The history should attempt to detail past breeding performance of the stallion. This should include the number of years at stud, size of the stallion’s book, frequency of use, type of breeding management (natural cover versus artificial insemination), and the date the stallion was last bred or semen was collected. If the stallion has been used for breeding, the history should elicit breeding shed behaviour and management techniques that may influence libido. If possible, fertility should be expressed as services per conception (Kenney et al., 1971), or as per cycle conception rate (calculated as the number of mares that were detected pregnant/number of cycles mated or inseminated) (Love, 2003). The detected incidence of embryonic or fetal loss should be recorded as well, along with any other unusual occurrences, such as the number of mares noted with endometritis or shortened oestrus cycles after mating. The distribution of the stallion’s book (maiden versus foaling versus barren) should also be noted. Reproductive management of the mare band, such as teasing method, ovulation detection, hormonal therapy, vaccination programme and method of pregnancy detection should be discussed. The status of the stallion relative to equine infectious anaemia, equine viral arteritis and contagious equine metritis (CEM) should be noted. The incidence of possible genetic defects, such as cryptorchidism or parrot mouth, in the stallion’s progeny should also be recorded (Kenney et al., 1983).

Physical Examination of the Stallion

A general physical examination should be included in the routine BSE of the stallion. The purpose of this examination is to identify defects that might possibly be of genetic origin and that will adversely affect the ability of the stallion to serve. In particular, the visual, cardiopulmonary and locomotor systems should receive special attention in the stallion.

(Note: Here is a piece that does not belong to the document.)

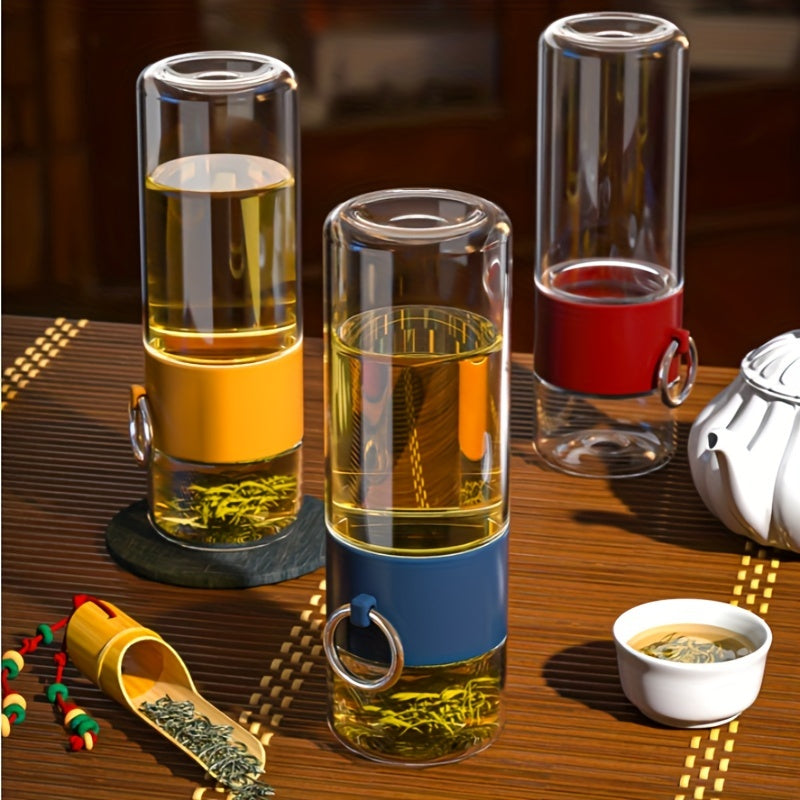 350ml Tea Water Separation Cup Leakproof Water Bottle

Evaluation of the scrotum and testes is best conducted after semen collection when the stallion is usually more tractable. The scrotal skin should be thin and pliable. The number, size, orientation and consistency of both testes should be noted. The stallion’s testes normally are positioned horizontally within the scrotum with the tail of the epididymis oriented caudally. The length, width and height of each testis should be measured. The testes should be roughly symmetrical in size and consistency. They should not be overly firm or soft (the normal consistency approximates that of the fleshy portion of the hand at the base of the thumb with the thumb extended). The testes should be free within the scrotum (Plate 19). The epididymis originates at the head located on the craniodorso-lateral pole of the testis and continues along the dorso-lateral aspect of the testis as the thin body. The epididymis terminates caudally as the prominent tail. A remnant of the gubernaculum, known as the scrotal ligament, can often be palpated as a firm structure attached to the tail of the epididymis of the stallion. The spermatic cord should be examined from its origin at the cranio-dorsal pole of the testis until it enters the external inguinal ring. Rotation of the testis may occasionally be noted with up to an 180° rotation noted without apparent effects. If the testis is rotated more than 180°, vascular compromise with clinical signs may occur secondarily to torsion.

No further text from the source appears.